Bizde “halkın iradesinin hakimiyeti” şeklinde tarif edilen “demokrasi”nin uygulanmamasının sebebi nedir?

Hem Meclis’e “hakimiyet kayıtsız şartsız milletindir” diye yazacak, hem de millete hiç yetki vermeyeceksin, bu yalanın sürdürülmesi nedendir?

Gayet açıktır:

Halka güvenmemek!

Peki onun sebebi nedir?

Laiklik! 

Nasıl yani?

Gerçek demokrasi ile yönetilen ülkelerde halkın istedikleri ile yönetenlerin istekleri uyuşur. Çünkü arada din, kültür ve hayat tarzı farklılığı yoktur. Halk genel menfaatine bakar, o doğrultuda iradesini ortaya koyar, hukukçular da o yasaları formatlayarak kanunlaştırırlar. Bizdeki gibi halkın hiç haberi olmaz değil yani.

Ancak bu işler bizde asla böyle olmaz!

Neden olmaz?

Bizde bir sorun var da ondan.

Nedir o sorun?

İslam. Yani bizim Müslüman olmamız.

Ne demek bu?

Yani yönetenlerin dini, kültürü, yaşam tarzları ile yönetilenlerinki çok farklı.

Yönetenler, İslam medeniyetinden çıkmış, Batı medeniyetine girmişlerdir. Onu çağdaş uygarlık seviyesi olarak görmüş, İslam medeniyetini aşağılayarak reddetmişlerdir. Fakat halkın çoğunluğu, eğitim sisteminin olanca gayretine rağmen hala dinine, kültürüne, tarihine, medeniyetine bağlıdır ve öyle bir hayat tarzı istemektedir.

Ne olacak şimdi?

Halka yetki versen hemen İslam’a yönelecek.
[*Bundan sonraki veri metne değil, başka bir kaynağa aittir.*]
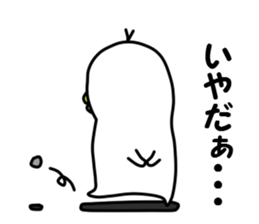 Spiritless creature sticker #6226075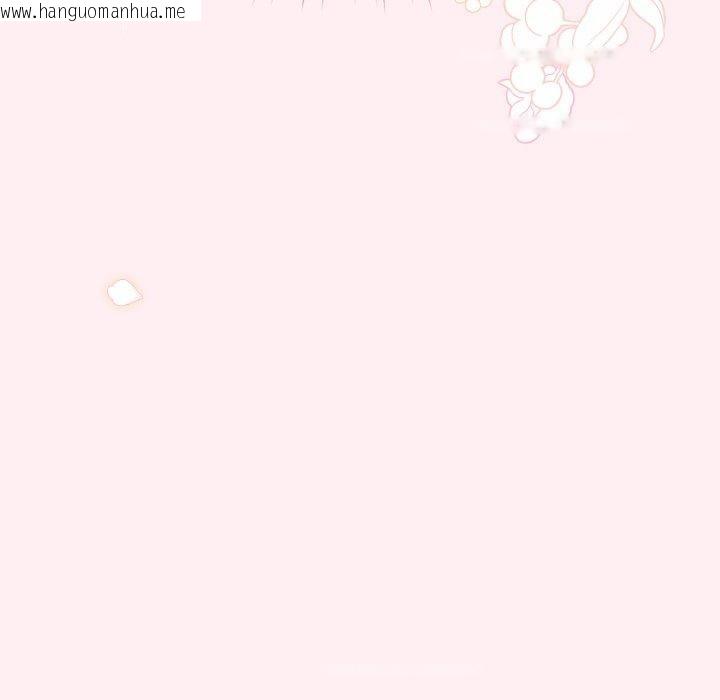 韩国漫画配角的生存任务韩漫_配角的生存任务-第15话在线免费阅读-韩国漫画-第116张图片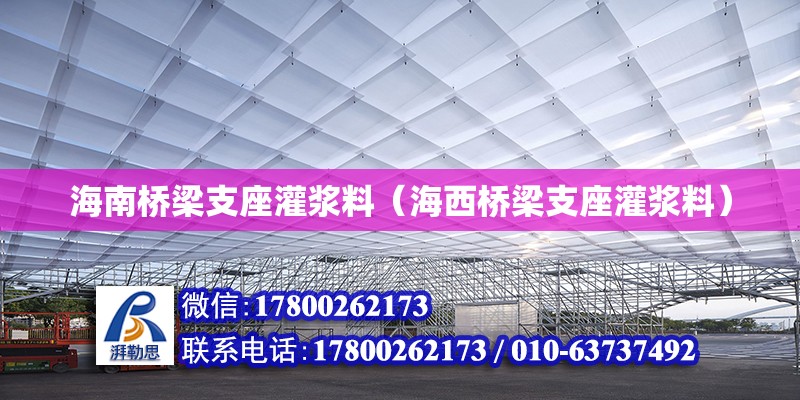 海南橋梁支座灌漿料（海西橋梁支座灌漿料） 鋼結(jié)構(gòu)網(wǎng)架設(shè)計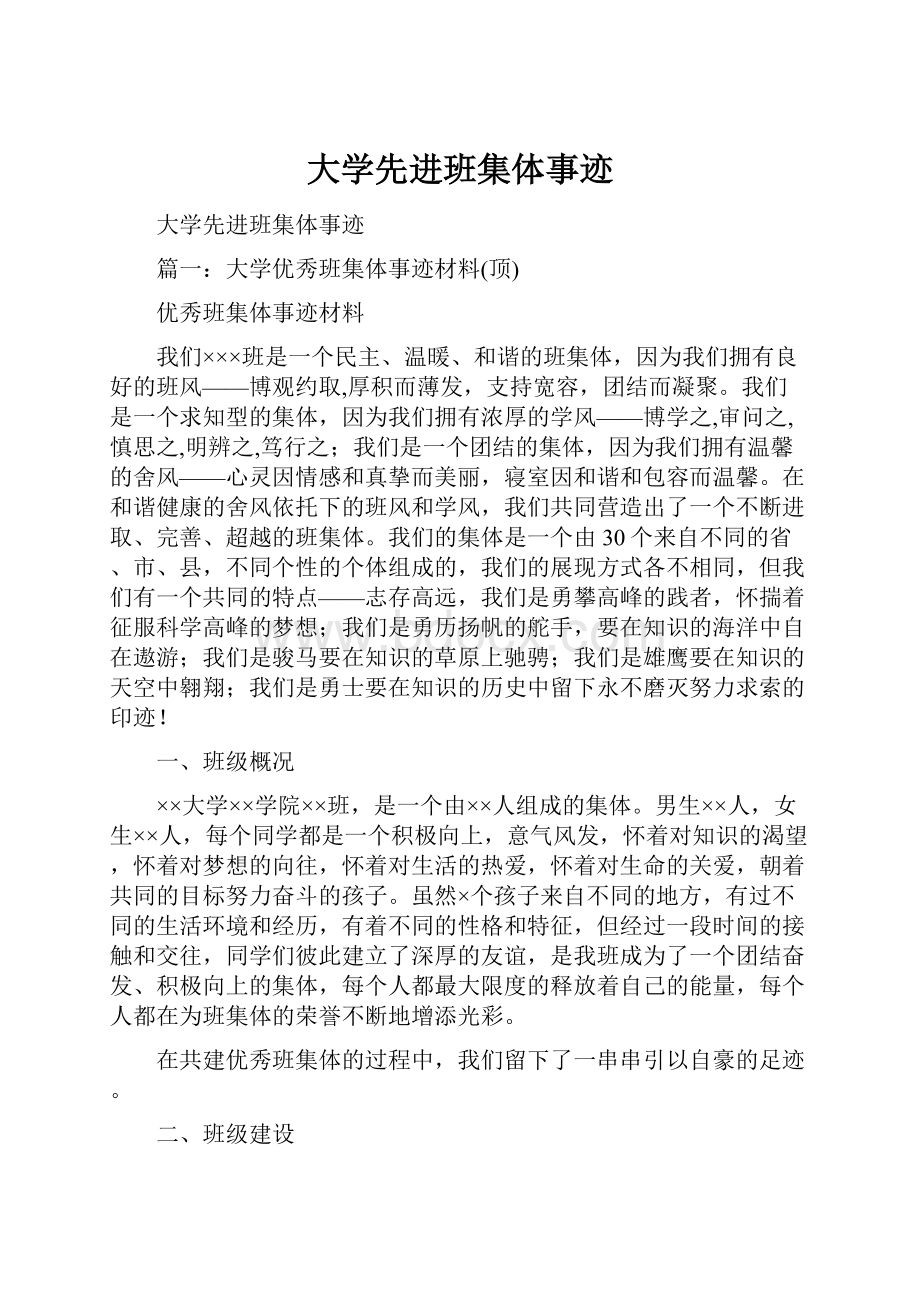 大学先进班集体事迹.docx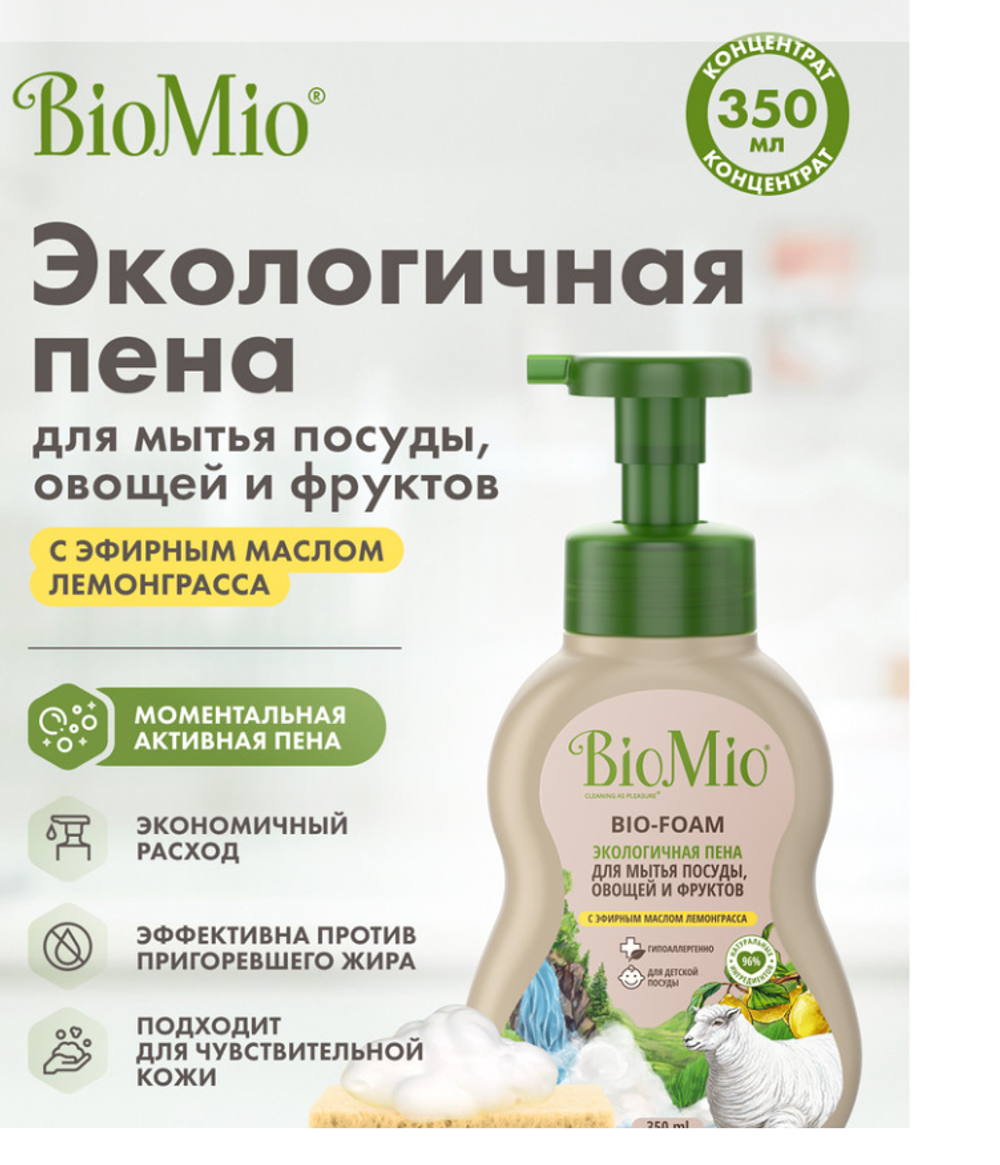 Средство для мытья посуды BioMio Bio-Foam Лемонграсс, пена, 350 мл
Oysa bu ülkede yüzyıldır cebir ve şiddetle uygulanan “Batıcılık”a karşıdır. Bunu istemez. Ama “İslam’ı istemiyoruz” da diyemiyor, milletin korkusundan. Mecburen “takiye” yaparak “laiklik” kavramına sığınıyor.

Neymiş? İslam ile laiklik bağdaşmazmış. Devlet de laik olmalıymış.

Niye?

Benim ne ihtiyacım var laikliğe?

Laiklik bana ne sağlıyor ki?

“Efendim, din ve vicdan özgürlüğü bir insan hakkı” imiş.

Olsun insan hakkı. Biz aksini mi söylüyoruz ki!

Hem bunu en iyi sağlayan biz değil miyiz, İslam sayesinde!

Bunlar hikâye!

Maksatları bu milleti İslam’dan kopararak dini arkasına atmış, dinsiz bir hayat yaşayan Batıya yamamak.

Ne var ki bunu böyle açıkça söyleme cesaretleri yok, mecburen yalana, dolana, hileye sarılıyorlar!

Çok şükür milletimiz gerçekleri gördü. Tiyatroya doydu. Şimdi gerçeği, çıplak gerçeği istiyor. Hem bundan sonra eskisi gibi cebir ve şiddet de işe yaramaz.

Yeni bir Türkiye doğuyor yeni bir dünyaya!